Chief Economist of the World Bank's Human Development Network, Shanta Devarajan, said Kenya like other developing countries must pursue improved pro-poor policies by ensuring poor people access basic services, in quantity and quality.
He said governments had often miserably failed to deliver key services to the poor hence frustrating their realisation of a set of development targets known as the Millennium Development Goals (MDGs). These goals call for halving of the global incidence of poverty and broad improvement in human development by 2015.
He referred to personal accounts from poor people in Kenya, which had complained of poor quality delivery, particularly of police and electricity services. Devarajan quoted a section of the people who had complained that in the country you could no longer carry much money because there were too many policemen on the streets.
He said though increased presence of police would have otherwise meant additional security the complaint was a clear demonstration of lack of quality policing.
Devarajan was speaking during the launch of World Bank Development Report 2004: Making Services for Poor People at a Nairobi hotel yesterday. Also present was World Bank Country Director, Makhtar Diop.
The report warns that broad improvements in human welfare will not occur unless poor people receive wider access to affordable, better quality services in health, education, water, sanitation and electricity. "Without such improvement in services, freedom from illness and illiteracy, two of the most important ways poor people can escape poverty will remain elusive to many," it said.
The report comes at a time when rich countries have pledged to increase foreign aid and poor countries have pledged to improve their policies and institutions to try to reach the goals.

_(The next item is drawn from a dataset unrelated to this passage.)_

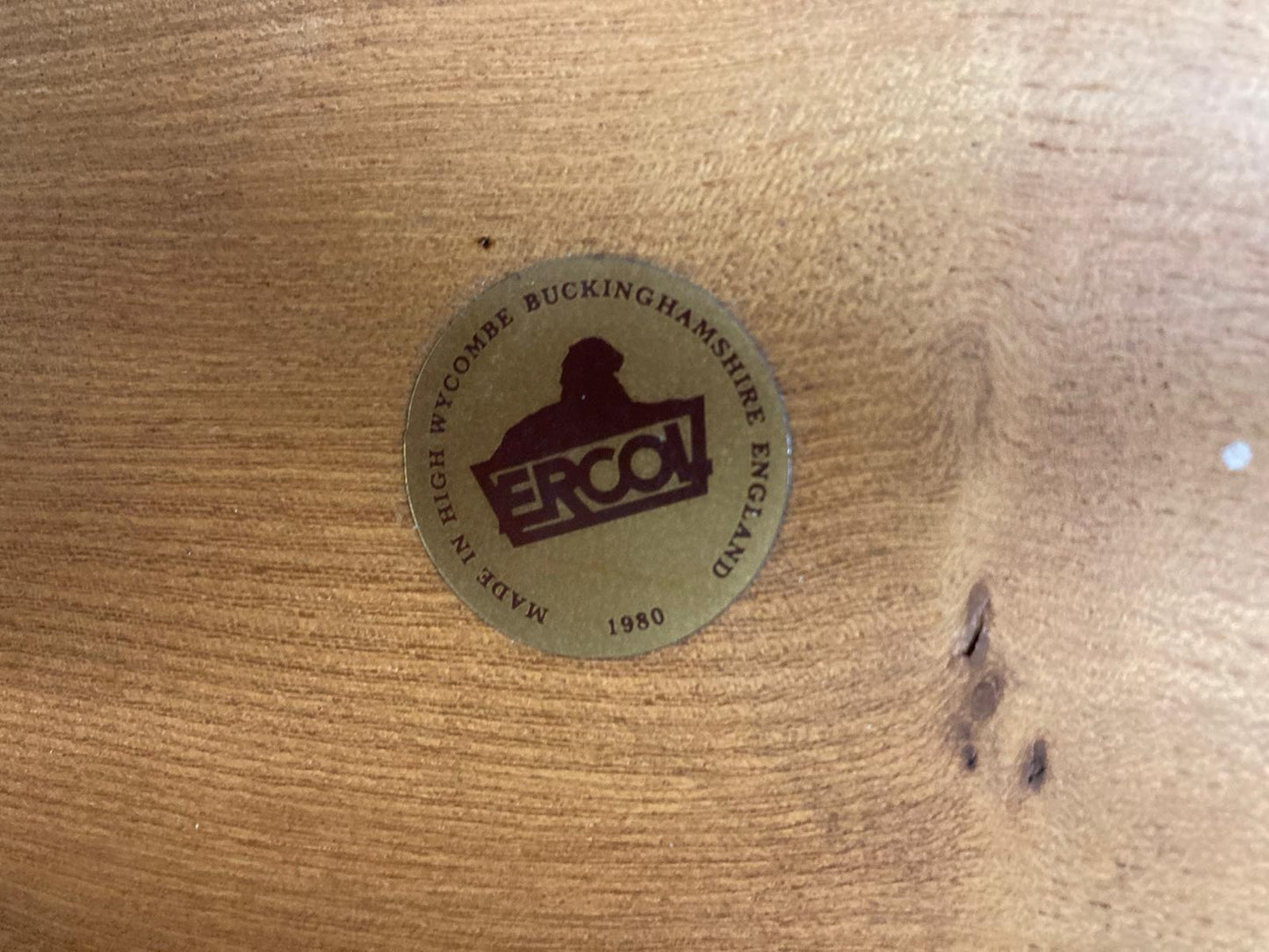Large Round  Ercol Coffee Table - Light / Blonde Model 454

The report indicates, however, that there were countries where services do work, showing how governments and citizens could do better to improve the situation of the poor.

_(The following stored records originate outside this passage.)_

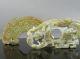 Two Chinese Archaic Style Jades Color Amulets photo 3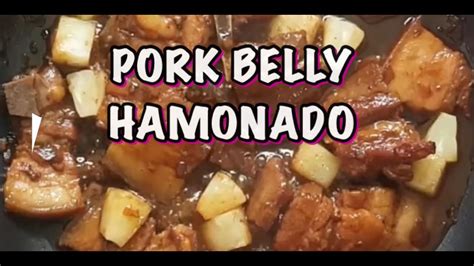 PORK BELLY HAMONADO RECIPE FILIPINO RECIPE YouTube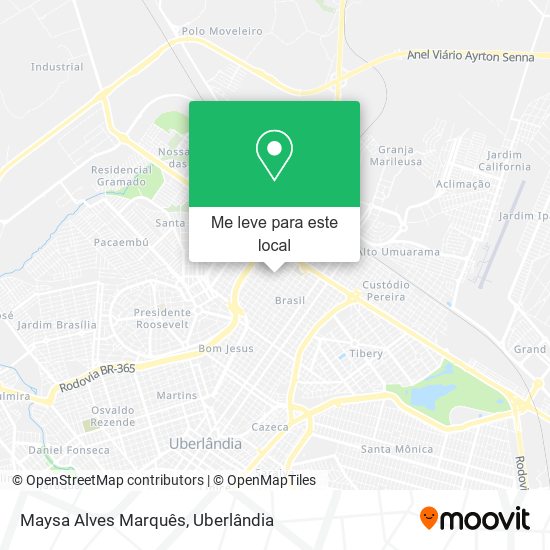 Maysa Alves Marquês mapa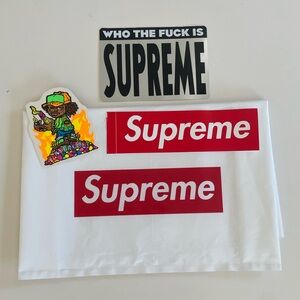 Supreme stickers and bag RARE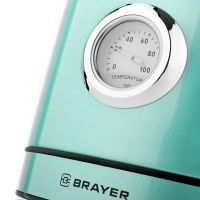 Лот: 12944632. Фото: 4. Чайник 1,7л BRAYER BR-1005-GN... Красноярск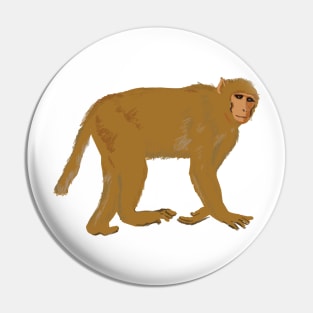 Baboon Monkey Pin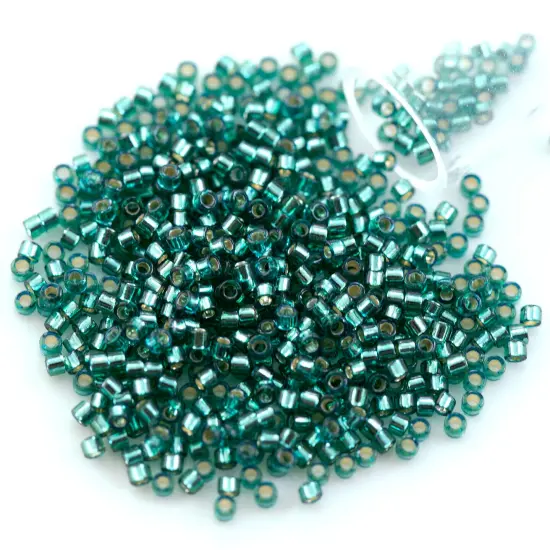 Miyuki Delica Seed Bead 11/0 Silver Lined Teal {1}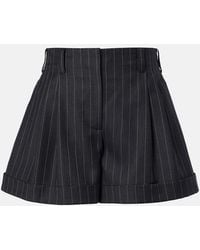 Givenchy - Pinstripe Wool Shorts - Lyst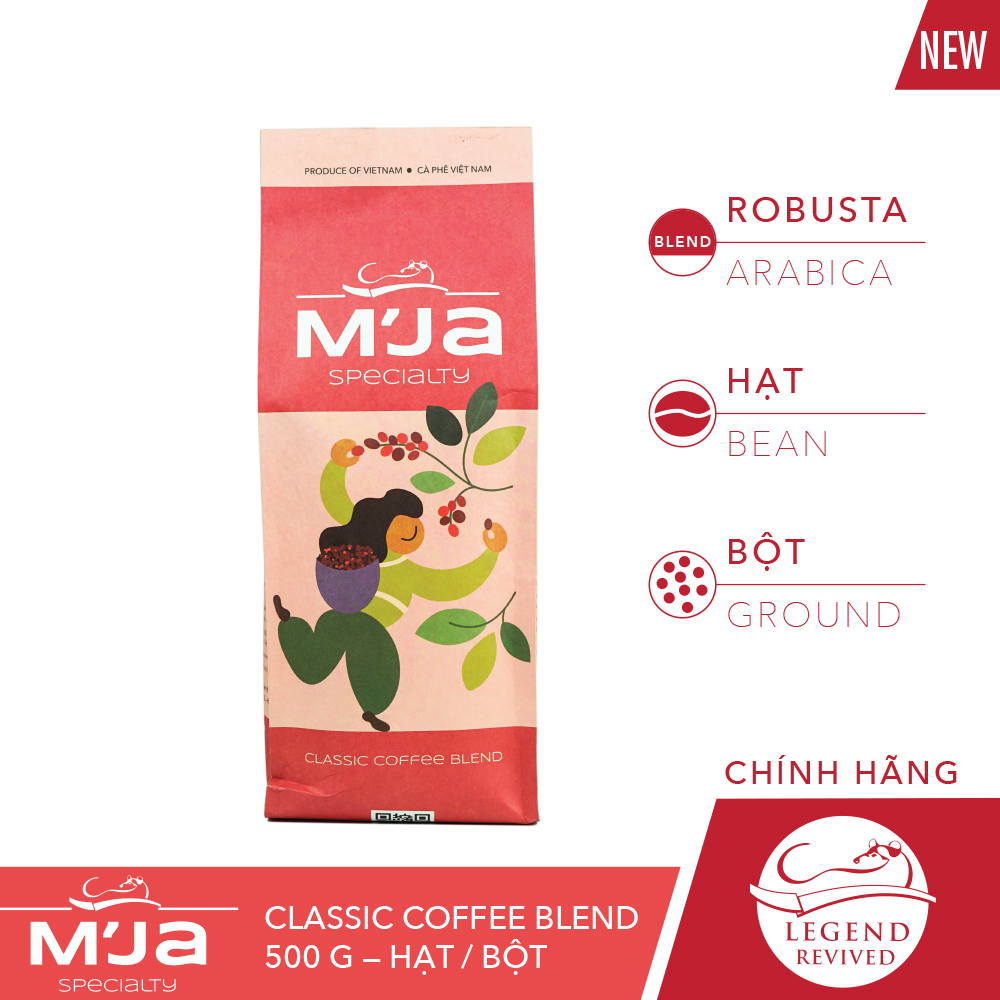 Cà Phê M'JA Classic Blend 500g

According to the bank, the main difference between success and failure in the degree to which the poor were themselves involved in determining the quality and the quantity of the services they receive at any one time.

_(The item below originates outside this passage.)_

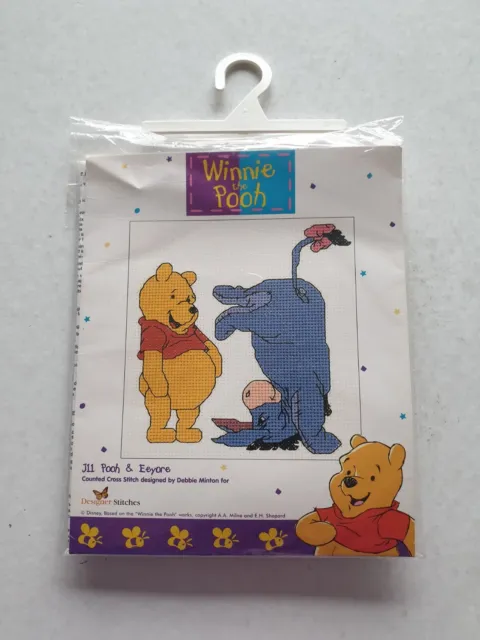 Disney Winnie Pooh & Eeyore J11 Play Time Handstand Cross Stitch Kit 11 X 11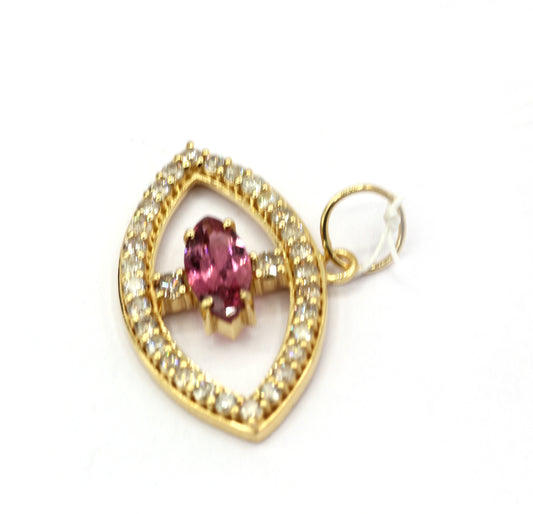 Evil Eye 14k Solid Gold Diamond Pendants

The report points to several success stories, saying Indonesia used its oil windfall to build new schools and hire more teachers, doubling primary enrolment to 90 per cent in 1986.
The report, however, also warned against large-scale privatisation of essential services, saying it would be wrong to conclude that Government should give up and leave everything to the private sector.
"If individuals are left to their own devices, they will not provide levels of education and health that they collectively want. Not only is this true in theory, but in practice no country has achieved significant improvement in child mortality and primary education without government involvement," the bank said.